Correlation Phantom

Day in , Day out one comes across reports, newspaper articles, business channel anchors using the word correlation. Correlation between NIFTY movement and some sector index, pollution rates Vs number of vehicles in the city, y vs x etc . If one stops to think about the word correlation and ask a few questions, opinions/arguments/citings all tend to fall apart.

In the statistical sense of the word, let me take r as a pearson correlation and bring out the first often neglected aspect of correlation. Like everything in the world of numbers, it is an estimate. This means that its got to have a sampling distribution .

If you have lets say 1000 values of X and 1000 values of Y and you want to find the correlation. well, one of the first things one usually does is to report Summation(x*y) / (n *Sx*Sy) where x and y are deviations of X and Y from their respective sample means , Sx and Sy are sample stdev of x and y respectively. Now this number is not sacrosanct. Its afterall an estimate. If you sample lets say 1000 values from X and 1000 values from Y with replacement, and calculate the correlation, you end up with another number of correlation. If you repeat this exercise umpteen number of times you get a sampling distribution for r, meaning r can take any number of values and the least you can do is to look at the frequency distribution of such numbers …Can you form confidence bands for this ?

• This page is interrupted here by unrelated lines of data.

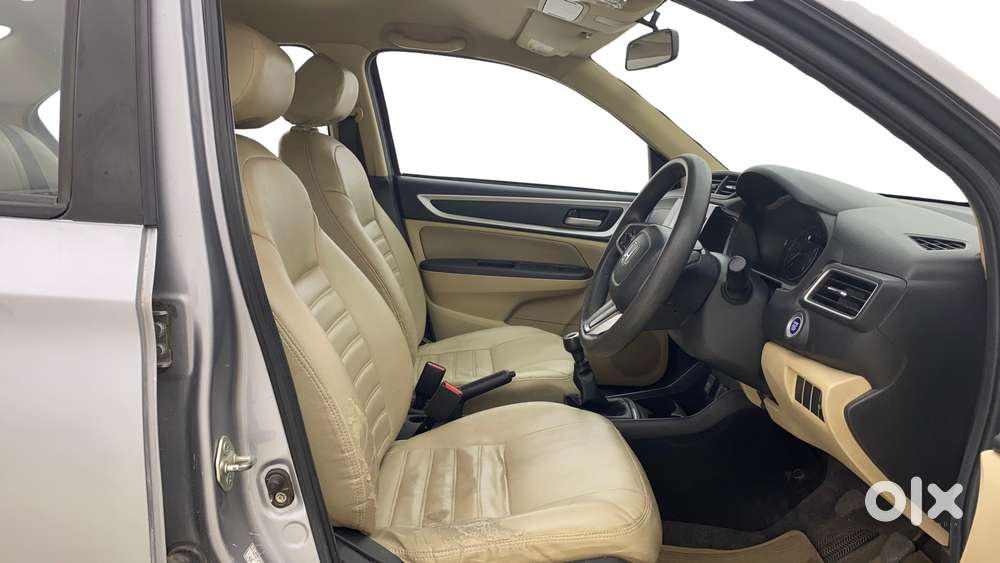 Honda Amaze [2021-2023] 1.2 Vx I-vtec Mt, 2022, Petrol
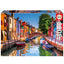 Puzzle 3000 Burano EDUCA-BORRAS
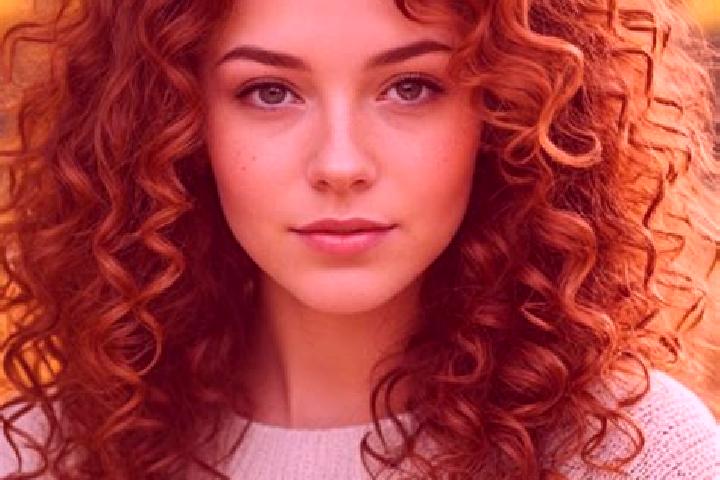 Mila, 32, a auburn brown-eyed slavic companion based in Wangshi. Offering Deep French Kissing, A-Level, OWO, Tantra. Available for incall and outcall, day an...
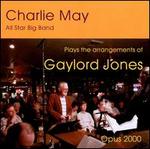 Plays the Arrangements of Gaylord Jones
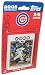 Topps MLB Baseball Cards 2008 Chicago Cubs 14 Card Team Set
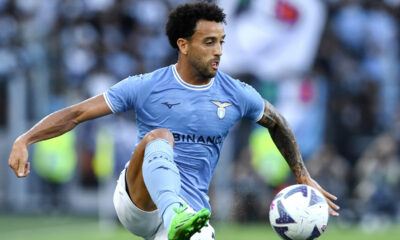 Felipe Anderson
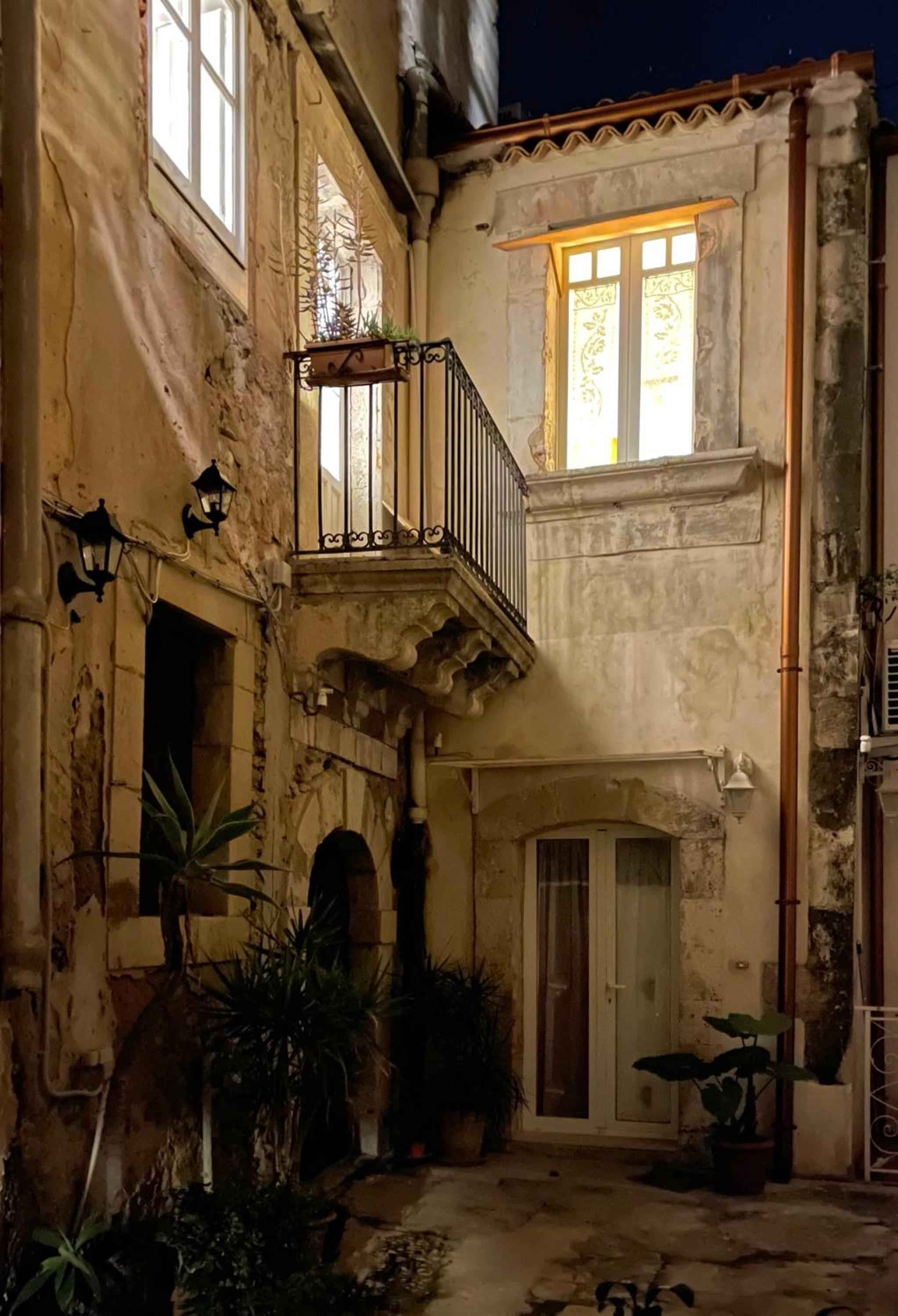 Domus Ottavia in Ortigia, fotografia 5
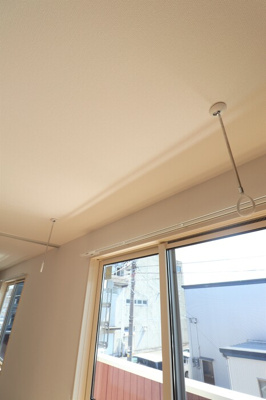 【寝室】 | Residence MEGU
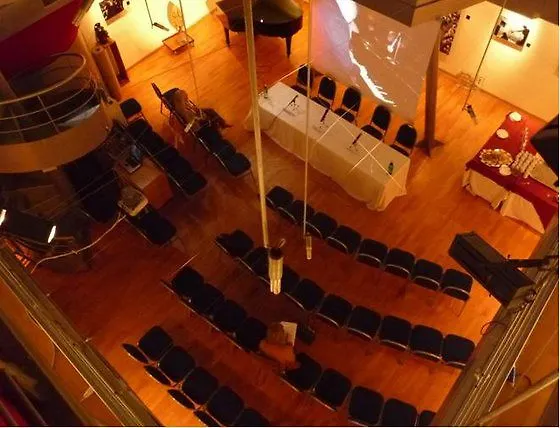 Domus Romana Отель 4*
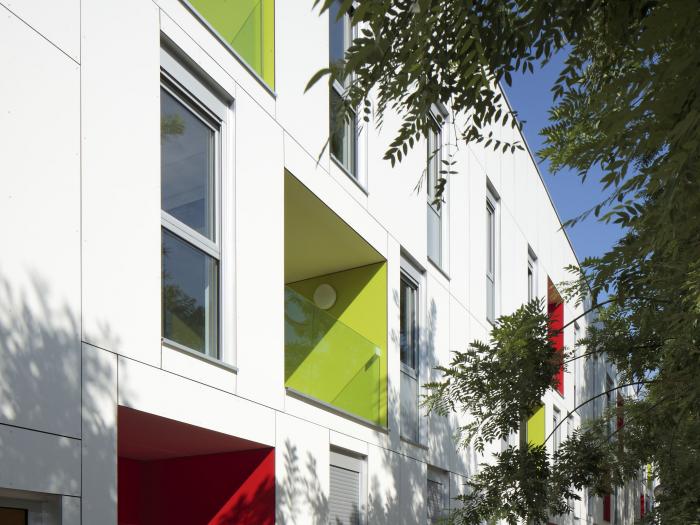 Bardages et vêtures : espoirs de reprise grâce au "neuf"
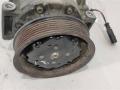 компрессор кондиционера Audi A4 B7 2006, 1.8 л., бензин, седан, ALT, BFB, 8E0260805F, 4472208393, 08D03508, 4472209530 - фото №3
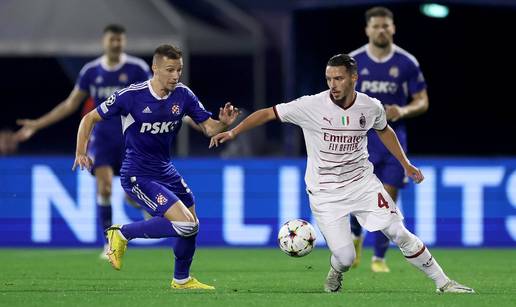 Navijači Dinama u deliriju nakon dolaska Bennacera: 'Sad bi i Europska liga mogla pasti!'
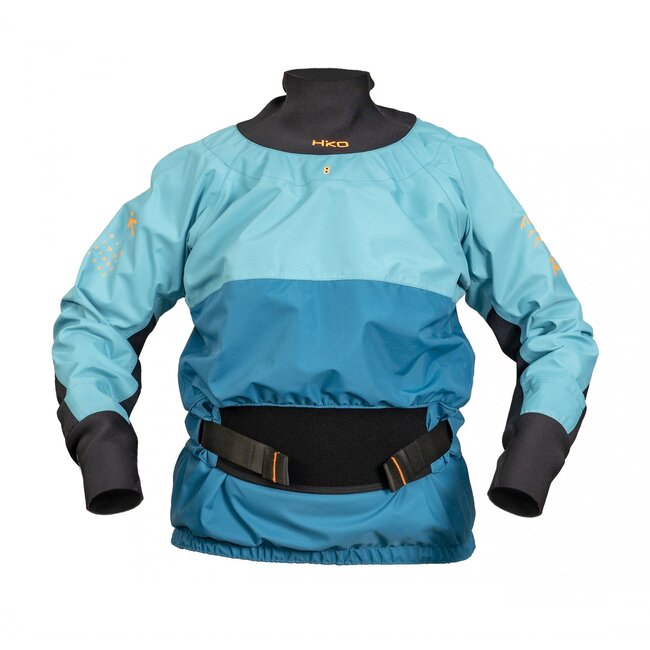 Hiko Nimue Women Jacket, Wildwater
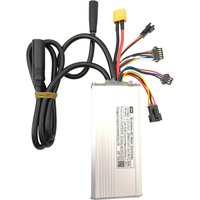 Ebike Motor Brushless Controller JH5AJ6339DZMN 52V Speed Controller For Electric Bicycle Scooters Fat Tire Bikes Mountain Bikes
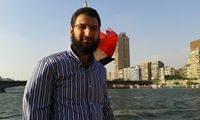 Ahmed Ghayad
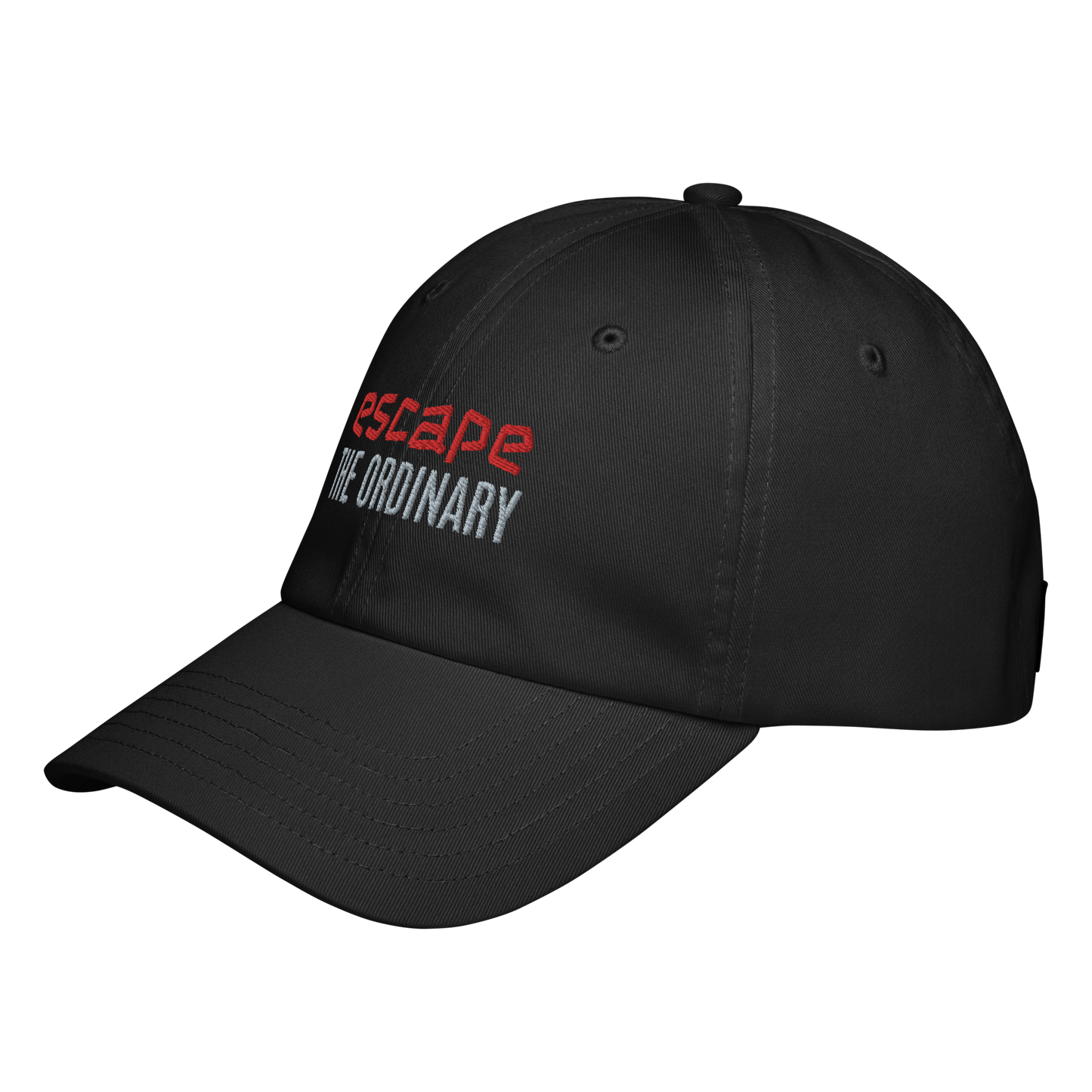 Under Armour® hat, Escape the ordinary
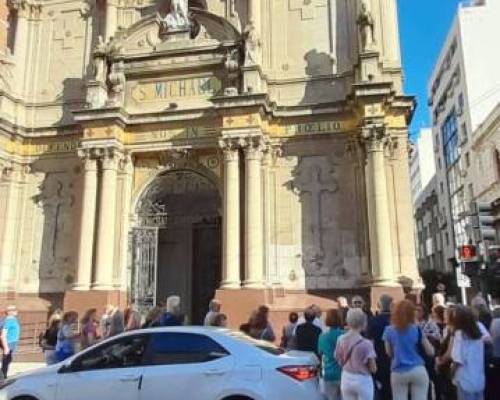 30321 5 LAS SIETE IGLESIAS. Turístico recreativo arquitectónico y religioso.-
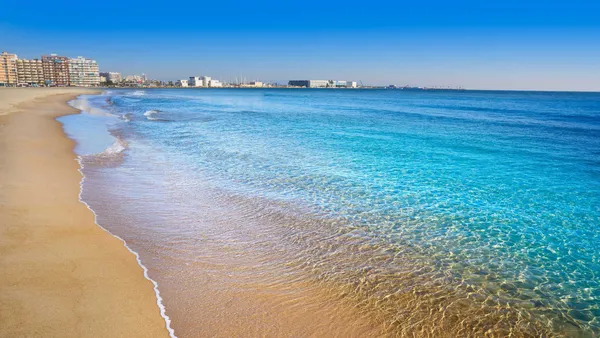 Sporthotel Gran Playa Spanien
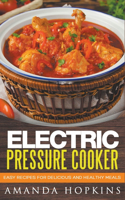 Electric Pressure Cooker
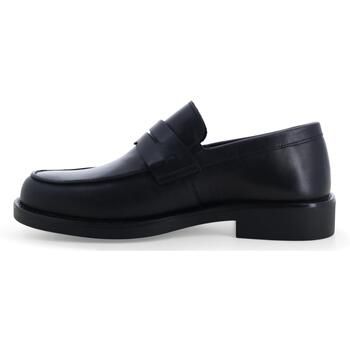 Melluso Mocasines U96003BK-263694 para hombre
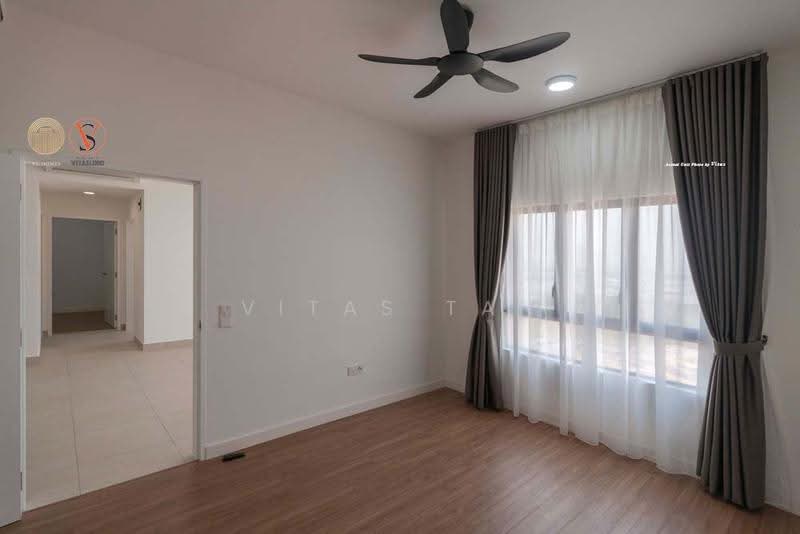 Condominium for Rent at Tuai Timur - Vitas Tan - Interior - PropertyGuru.com.my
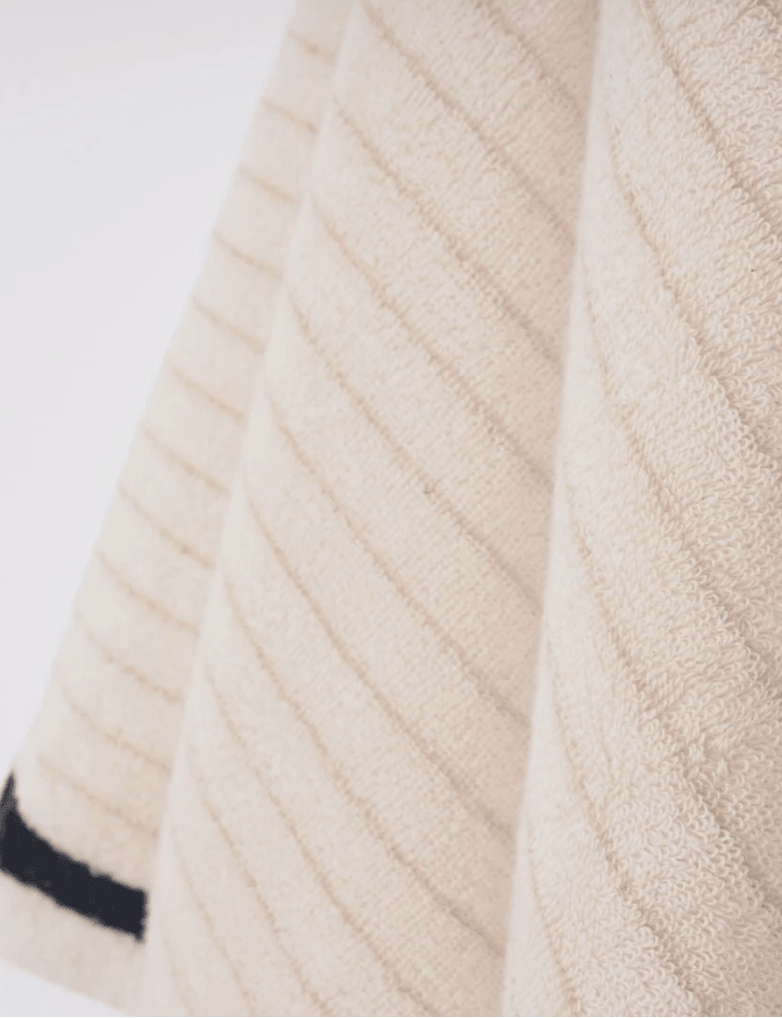 FORMA Bodrum Collection, 100% Cotton Turkish Towels.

Well, one thing to note is that it is not a normal distribution. Fischer realized this and applied a transformation to r values and converted in to a normal dist, calculated bands in the transformed world and brought it back to the r world. Thus there is a big ram kahani to this simple task of forming confidence bands for r. Well, if r is »0.4 , then you can assume to be normal and report the std error as (1-r^2)/sqrt(n) .

Ok. assume you have done all this and then you take 2 variables totally different in nature where you don’t see any reason for them to be correlated. Let’s say the # of runs scored by tendulkar since his debut in each match, # of car accidents in mumbai on each day of those matches. If the two variable are strongly(positively/negatively) correlated , common sense would say that it is totally meaningless. Spurious correlation is everywhere.

So, is there something wrong with the metric ? Or there is something missing about the way we think correlation works ? Or is there an assumption behind correlation that gets violated big time when you just use it on any two variables ? This was a question answered by a British statistician named Yule almost 80 years ago…Sadly, the results have not percolated in to everyday life…

Thus correlation has become one of the most notoriously used word to lend phantom quantitative props to whatever opinion one has to give!!

Next time you hear the word correlation being casually tossed around by someone, do try to ask a simple question - “Can you give some confidence bands for the correlation that you are talking ?” ….. In all probability they will go back and try to sincerely work out a possible answer and think through it.. OR.. they will never ever use the word atleast with you again :)